A quelques jours du verdict du procès de l'attentat de Nice, une victime confie sa difficulté à se faire rembourser des milliers d'euros de frais qu'elle et son compagnon ont engagé pour se rendre au tribunal à Paris.
"Nous sommes victimes de cette tragédie et maintenant financièrement prisonniers de l’État", dénonce Nadège Renda, partie civile au procès de l'attentat du 14 juillet 2016, "exsangue" au terme de longues semaines d'audiences.
Cette sexagénaire a dû se résoudre à se rendre pour la quatrième fois au Crédit municipal de Nice pour mettre en gage ses bijoux et payer son dernier aller-retour à Paris. "C’est horrible, c’est humiliant et se dire qu’on est obligé de faire ça pour aller entendre un verdict. On n’a pas demandé ça. Mais il faut vraiment, vraiment qu’on monte", répète Nadège Renda, la voix étranglée par un sanglot. "Sinon il me manquera une partie de l’histoire." Peu importe le prix.
Son compagnon a pris six semaines de congés sans solde pour assister au procès et tenter de clore enfin ce chapitre de sa vie. Déjà 3000 euros de manque à gagner.
Un procès, 14.000 euros
À cela s’ajoutent les billets de train et les hôtels, aux montants parfois astronomiques. "Ni Airbnb, ni les appart'hôtels ne louent pour six semaines, explique Nadège Renda.

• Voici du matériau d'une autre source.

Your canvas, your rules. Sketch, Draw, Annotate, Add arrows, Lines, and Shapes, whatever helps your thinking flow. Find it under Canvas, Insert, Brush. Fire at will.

Certaines nuits montaient à plus de 300 euros."
La Niçoise fait le compte devant une équipe de France 3 Côte d'Azur, face à nos reporters Eloïsa Patricio et Yannick Fournigault : 3579 euros pour le premier hôtel, 2214 pour le deuxième… La liste s’allonge au point d’approcher les 11.000 euros de frais divers. "En comptant la perte de salaire de mon compagnon, ce procès nous aura coûté 14.000 euros."

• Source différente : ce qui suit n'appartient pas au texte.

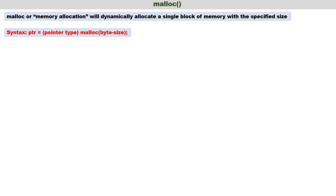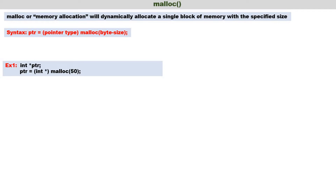The syntax is: ptr = (pointer_type) malloc(byte_size). The byte_size specifies how many bytes are required, and malloc will allocate that much memory. The pointer type within the brackets indicates which pointer is pointing to that allocated memory, and it is assigned to ptr on the left side. Both must be of the same type. For example: int *ptr — here ptr is an integer pointer.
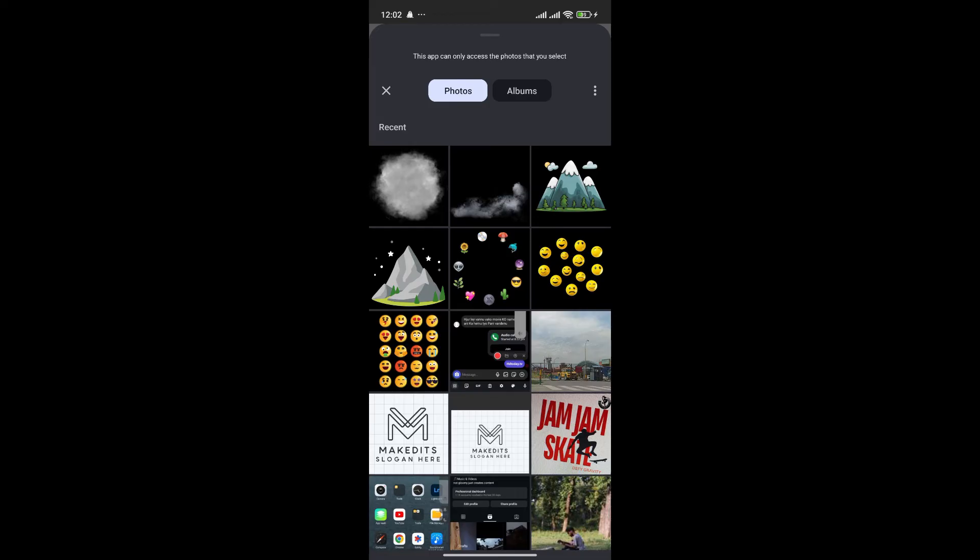As you can see, I've already downloaded two PNG of fogs. Simply choose one of them that you want to add to your photo.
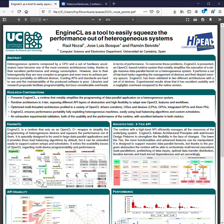NginCL ensures performance portability, fully exploiting heterogeneous machines easily using load balancing algorithms and custom schedulers, so we can easily provide new types of algorithms to split the workload. One of the most important parts of this work is that we have performed an exhaustive experimental validation both in usability and in performance, achieving excellent behavior in both.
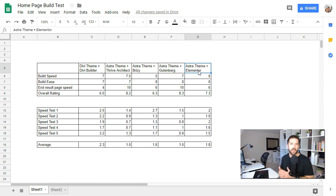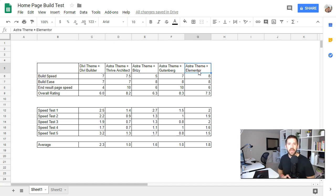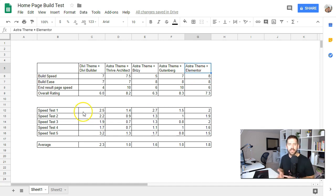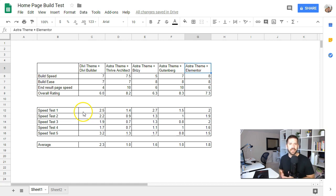The links to each one of those videos will be in the description below, as well as the entire playlist to watch me build each home page step by step. At the end of it, I ran five speed tests of each one to see which performed better, and gave my thoughts and opinions about each page builder. In this video, I want to give you five takeaways I learned from testing these five different page builders.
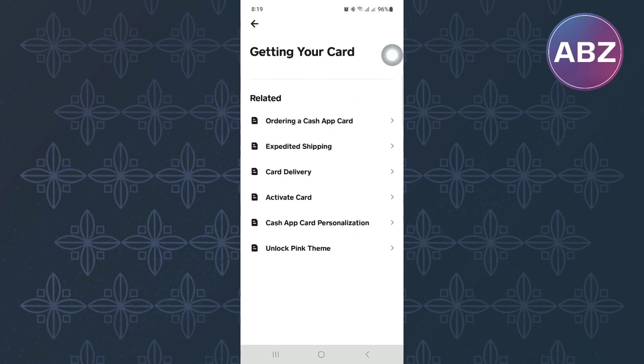After that, this other page will load where you will see these options for cash card delivery. From the options, tap on this one named Hard Delivery.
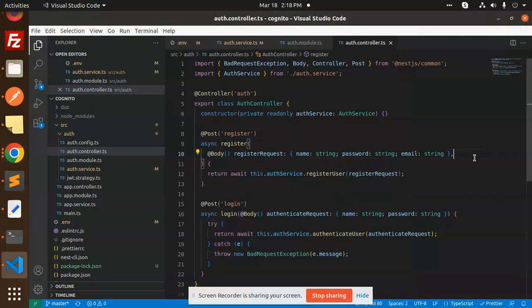Hello friends, welcome back to a new tutorial on NestJS. Today we are going to learn how to create or register a user in AWS Cognito. Those who haven't subscribed to my channel yet, please do subscribe, and if you like the video please like, share and comment.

Ces frais ne sont pourtant pas supposés rester à la charge des victimes. Le greffe du tribunal de Paris réceptionne toutes les factures, vérifie leur validité et, selon plusieurs interlocuteurs contactés par France 3 Côte d’Azur, pinaille parfois pour des détails : "Les victimes ont le droit à 110 euros maximum par nuit d’hôtel par personne. Mais il faut que la facture soit à leur nom. Certaines parties civiles ont galéré parce qu’elles avaient pris une chambre à deux pour s’éviter d’avancer trop d’argent", nous confie par exemple l’assistante d’une association.
Des victimes laissées sans réponses par les autorités
Ces contraintes administratives expliqueraient-elles certains retards dont souffriraient bon nombre de parties civiles ? "Aucune des victimes que je connais n’a reçu un remboursement", précise une bénévole de l'association Promenade des Anges. "Le greffe est très réactif pour répondre aux questions d'ordre général, mais dès lors que l'on aborde les remboursements, on reste toujours en attente".
De son côté, Nadège Renda multiplie les démarches auprès du tribunal, sans réponse à ce jour. "Pensez-vous que nous n’avons pas déjà assez mené de combats depuis plus de six ans ?", demande-t-elle dans un mail adressé au greffe en charge des remboursements.
Elle qui n’avait "jamais contracté de crédit" avant l’attentat, raconte son "appauvrissement" : "Je payais 4500 euros d’impôts, je suis même plus imposable." Un déclassement qui se conjugue à la violence du traumatisme : "On a volé nos vies, on a volé nos identités", raconte, le souffle court, la sexagénaire.